Google Translate might not be as good as people thought

user24 · on Sept 23, 2010

Most SMT systems are trained using the procedings of the European Court - as it's a huge corpus of multilingual documents which all have the same meanings.

This is a large factor as to why non-european languages typically don't fare that well in Statistical Machine Translation systems. The corpuses (corpii?) aren't as large for other languages.

Subject-broadness is another problem. Early information retrieval systems were trained (and many still are) using the Wall Street Journal as the corpus. Which means they work great for searching on the topic of big business, but not so great on getting apple pie recipes, as WSJ doesn't talk much about that ;)

woodson · on Sept 24, 2010

There are some research projects (in rather early stages) that develop SMT techniques for translation to languages without big parallel corpora (essentially by bootstrapping such corpora, assisted by active learning). This could be of particular importance to keep smaller languages from disappearing, otherwise less and less works in that language will be available (yes, I'm aware that there are many people who consider language death a good thing).

user24 · on Sept 25, 2010

Sounds fascinating; links? research? Applicability to lost languages like Linear A?

crux · on Sept 23, 2010

'(corpii?)'

corpores, if you must.

rudd · on Sept 23, 2010

The plural of corpus is 'corpora': http://en.wikipedia.org/wiki/Text_corpus

user24 · on Sept 23, 2010

slaps forehead of course it is! Thanks :)

kylec · on Sept 23, 2010

    Please apologize for your stupidity.

I wish I had the gall to say this to people

techiferous · on Sept 24, 2010

I couldn't resist: http://pleaseapologizeforyourstupidity.com

thenduks · on Sept 24, 2010

There needs to be a place to actually apologize, toss a textarea in there and show previous apologies below :)

techiferous · on Sept 24, 2010

What an awesome idea. I'm adding that to my to-do list.
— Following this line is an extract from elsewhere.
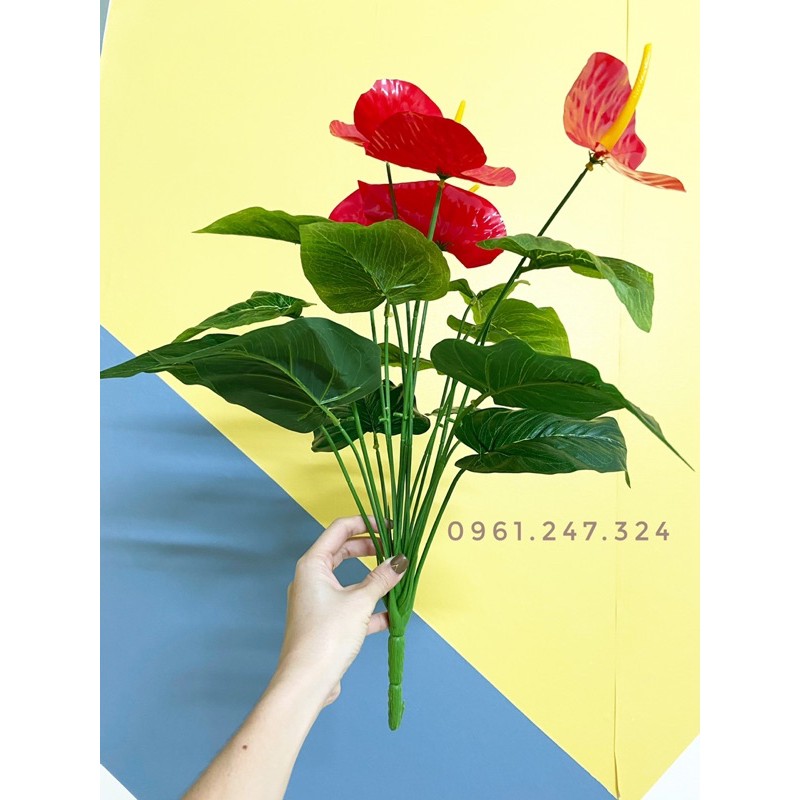 Cây giả - cây hồng môn 50cm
david_p · on Sept 23, 2010

So far, I'm guessing :

  lumber = log
  vomit = thow
  insult to father's stones = thrown in superclass
  wind, pole, and dragon = maybe "try,catch,finaly" or "if,then,else"
  goat-time = WTF ?

hasenj · on Sept 23, 2010

Wind in Japanese is 'kaze' (風), and the kanji character (according to rikaikun) has a second meaning: method.

http://translate.google.com/#en|ja|wind

Edit:

The kanji for dragon seems to have a reading: "ryuu" and that "sound" (if not written in kanji) has several meanings, one of which is also "method"

http://jisho.org/words?jap=ryuu&dict=edict

"goat" seems to be "yagi", and putting that in jisho.org, one of the results is related to "night shift", so maybe a nightly process? nightly build?

http://jisho.org/words?jap=yagi&dict=edict

donw · on Sept 24, 2010

I can't imagine anybody using '風' for 'method' for anything relating to software. It's usually written in either katakana (メソッド), or the mathematical term for function is used instead (関数).

Really wish I could see the original message...

fauigerzigerk · on Sept 24, 2010

I wish the author of that post could see a translation back into japanese of what he posted. I'd love to laugh together with him :-)

hasenj · on Sept 24, 2010

could it then be just a general "method", as in "the way to do a certain thing"?

donw · on Sept 24, 2010

Kind of, although I think that 'in the style of' is a more accurate translation. For example, you might see '日本風のステーキ' for 'Steak, in the Japanese style.'

lt · on Sept 23, 2010

runtime maybe.

sfphotoarts · on Sept 23, 2010

I have a Russian friend who used my computer to check her vkontakte (Russian facebook), she's not used to Chrome and it auto-translated the page. At first she didn't notice because she's equally capable in English, then she started to giggle at the word pancake (which is a poor translation), but she said that on the whole it did a really good job. I guess some languages are easier to do. Anecdotal I know, but its good enough for me to use Russian websites to read photo comments.

avar · on Sept 23, 2010

Another interesting thing about Google Translate is that people sometimes successfully troll it by amusing the "submit a better translation" feature, which Google ostensibly uses without much checking.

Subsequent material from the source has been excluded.